A faithful copy of the data, pictures omitted, is the required answer.

*** Opening DATA SEGMENT ***

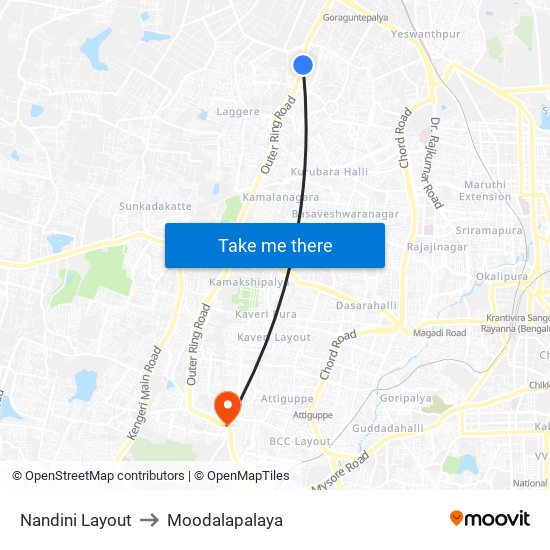 Nandini Layout to Moodalapalaya map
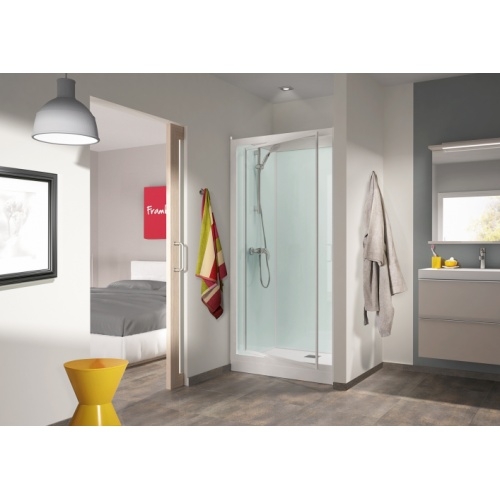Cabine KINEPRIME GLASS en niche 1 porte pivotante -Faible Hauteur - Mécanique - 80x80cm kineprime-glass-100x80-niche-meca-pivot-photo-in-situ
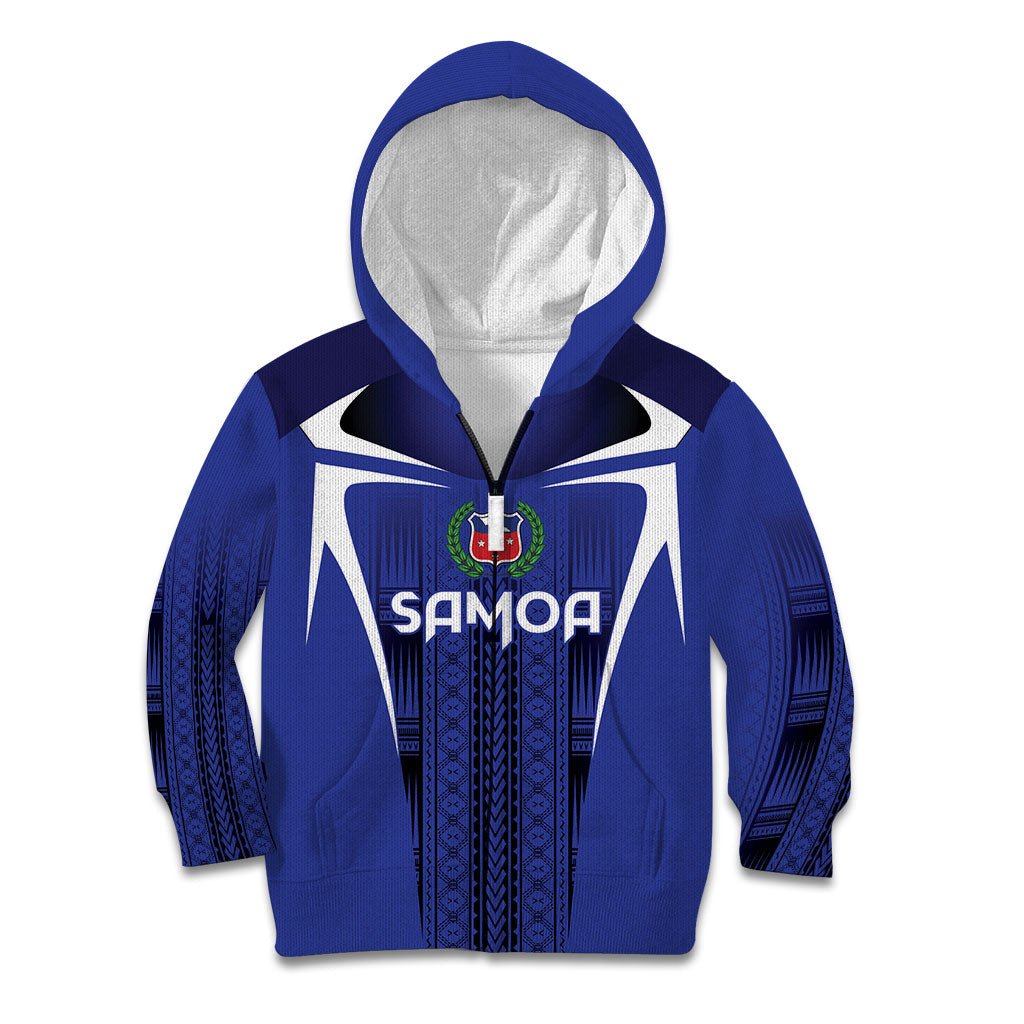 2026 Rugby Nations Series Custom Manu Samoa Kid Hoodie LT9 Zip Hoodie Blue - Polynesian Pride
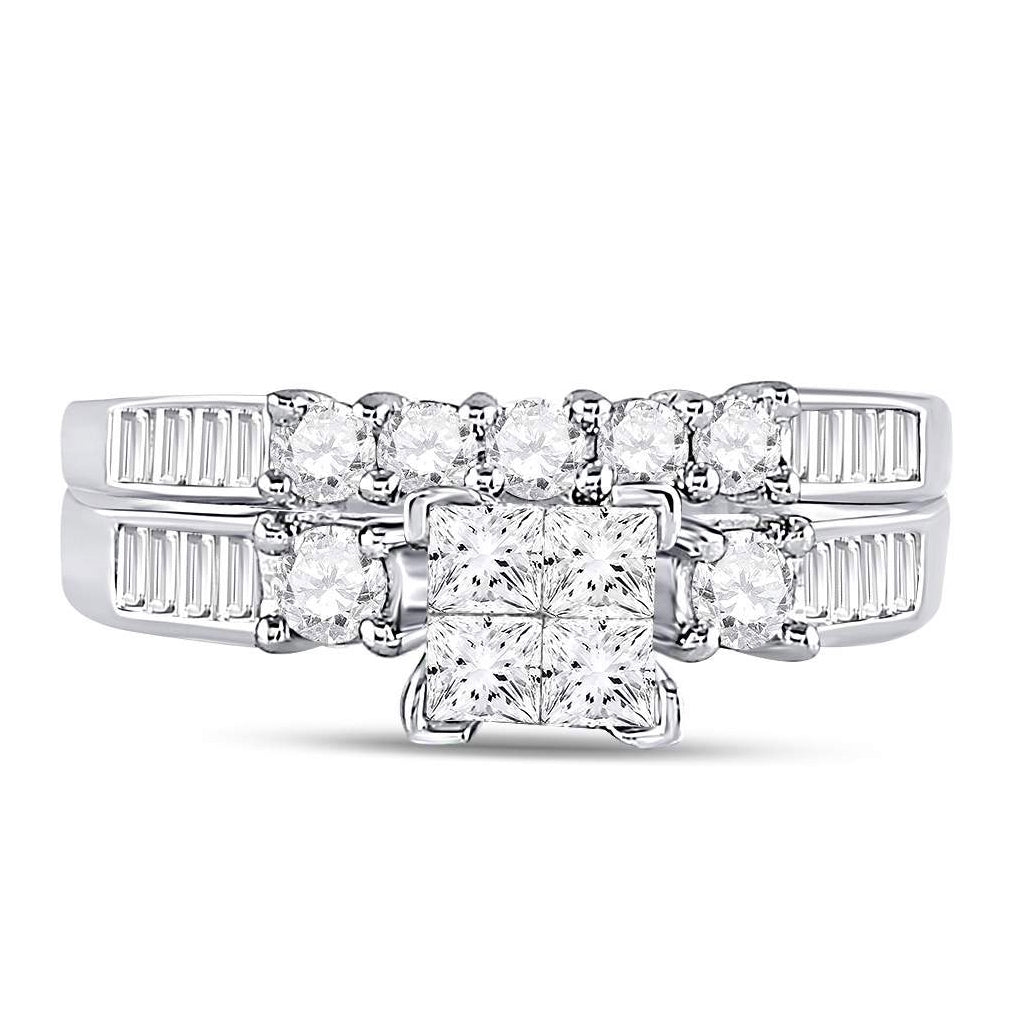 10K White Gold Princess Diamond Bridal Wedding Ring Band Set 7/8ctw, Womens Size: 5-10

*** Closing DATA SEGMENT ***

▶ [RESULT]
 Nandini Layout to Moodalapalaya map
Cabine KINEPRIME GLASS en niche 1 porte pivotante -Faible Hauteur - Mécanique - 80x80cm kineprime-glass-100x80-niche-meca-pivot-photo-in-situ
 2026 Rugby Nations Series Custom Manu Samoa Kid Hoodie LT9 Zip Hoodie Blue - Polynesian Pride
 10K White Gold Princess Diamond Bridal Wedding Ring Band Set 7/8ctw, Womens Size: 5-10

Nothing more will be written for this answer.